Why the set $\{f \in \omega^\omega : \exists_{m}\forall_{m \leq n}^{}(f(n)\neq g(n))\}$ is $F_{\sigma}$ and meager?

Question

For any $g \in \omega^\omega$,

Why the set $\{f \in \omega^\omega : \exists_{m}\forall_{m \leq n}^{}(f(n)\neq g(n))\}$ is $F_{\sigma}$ and meager?.

I do not know why this set is $F_{\sigma}$ and meager.

A suggestion please.

Answer 1

If you want to prove directly that the set is $F_\sigma$, let the set in question be $F$, and for each $m\in\omega$ let

$$\begin{align*}F_m&=\left\{f\in{^\omega\omega}:\forall n\ge m\big(f(n)\ne g(n)\big)\right\}\\ &=\bigcap_{n\ge m}\left\{f\in{^\omega\omega}:f(n)\ne g(n)\right\}\;; \end{align*}$$

clearly each $F_m$, being an intersection of closed sets, is closed, and $F=\bigcup_{m\in\omega}F_m$, so $F$ is an $F_\sigma$.
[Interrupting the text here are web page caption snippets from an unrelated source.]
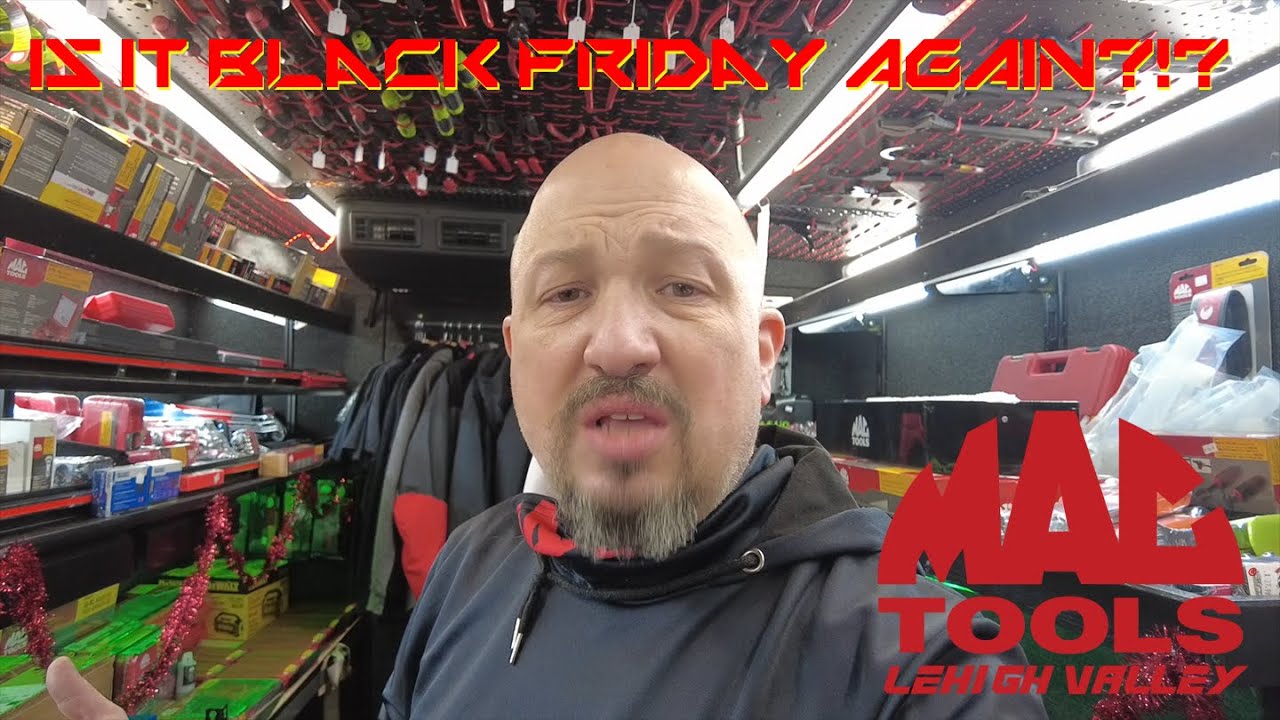 Insane Mac Tools Sale Am I having another Black Friday Sale? YouTube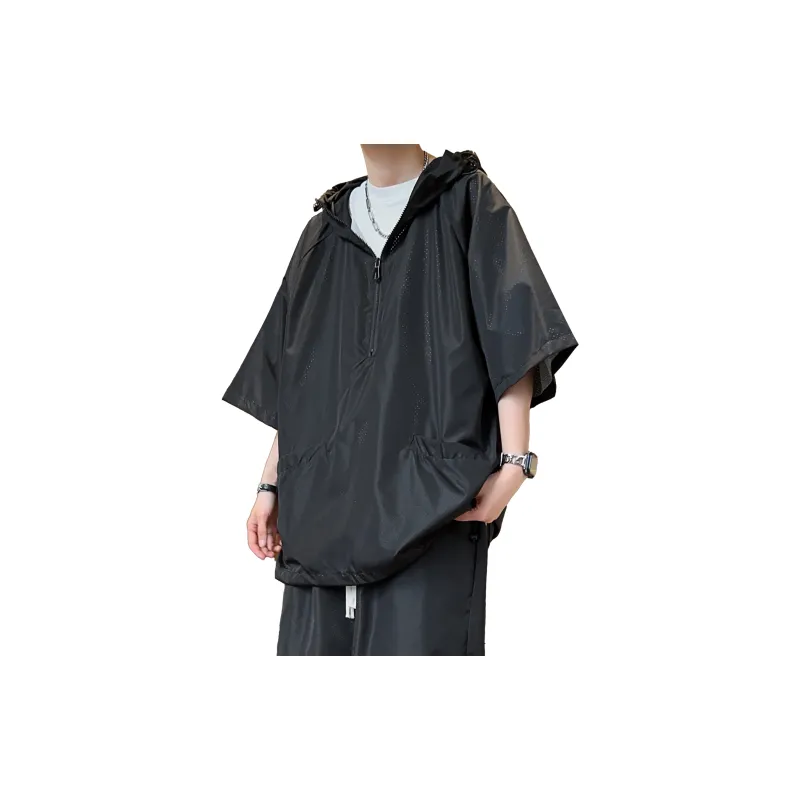 JUNGLE PANDA Jackets Unisex-10
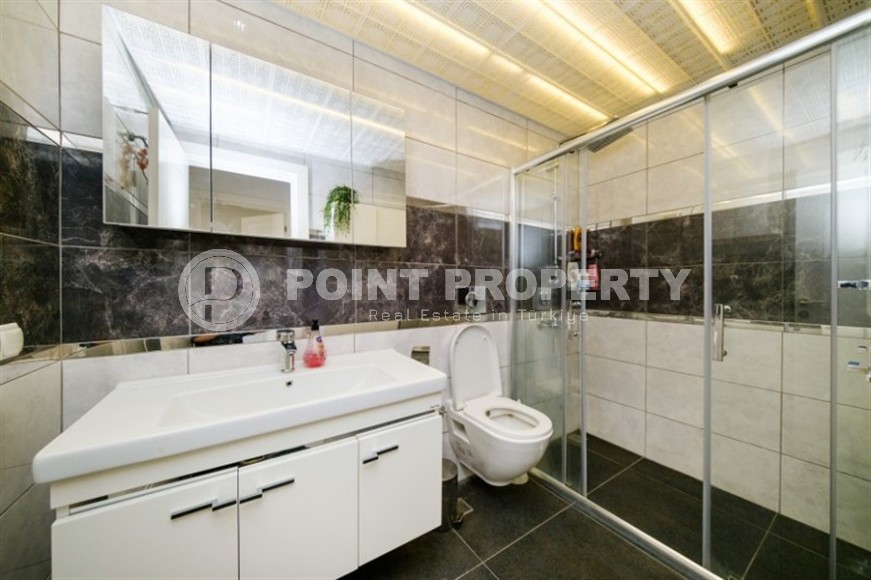 Комфортабельная меблированная квартира 2+1, общей площадью 130 м2, в уютном, спокойном районе Аланьи - Джикджилли-id-5854-фото-9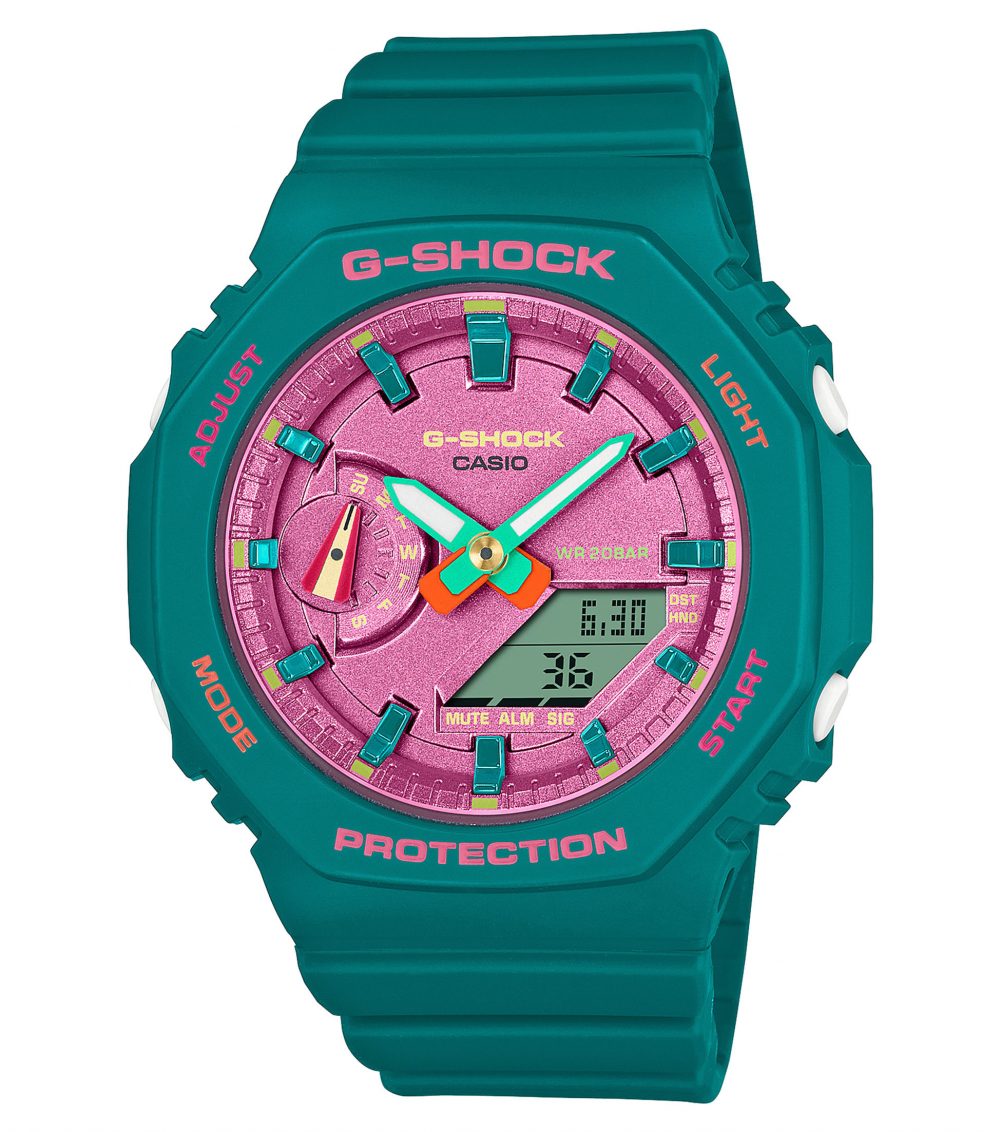 GMA-S2100BS-3AER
It remains to show that each $F_m$ is nowhere dense; try showing that each basic open set in ${^\omega\omega}$ contains a point not in $F_m$. I’ve completed the argument in the spoiler-protected block below.

Now let $U$ be a non-empty open subset of ${^\omega\omega}$. Fix $f\in U$ arbitrarily; there is an $\ell\in\omega$ such that $B=\{h\in{^\omega\omega}:h\upharpoonright\ell=f\upharpoonright\ell\}\subseteq U$. Given $m\in\omega$, let $n=\max\{\ell,m\}$, and define $h\in{^\omega\omega}$ by making $h\upharpoonright n=f\upharpoonright n$, $h(n)=g(n)$, and $h(k)=0$ for $k>n$. Then $h\in U\setminus F_m$, and since $F_m$ is closed, it is not dense in $U$. Thus, each $F_m$ is closed and nowhere dense, and $F$ is $F_\sigma$ and meagre.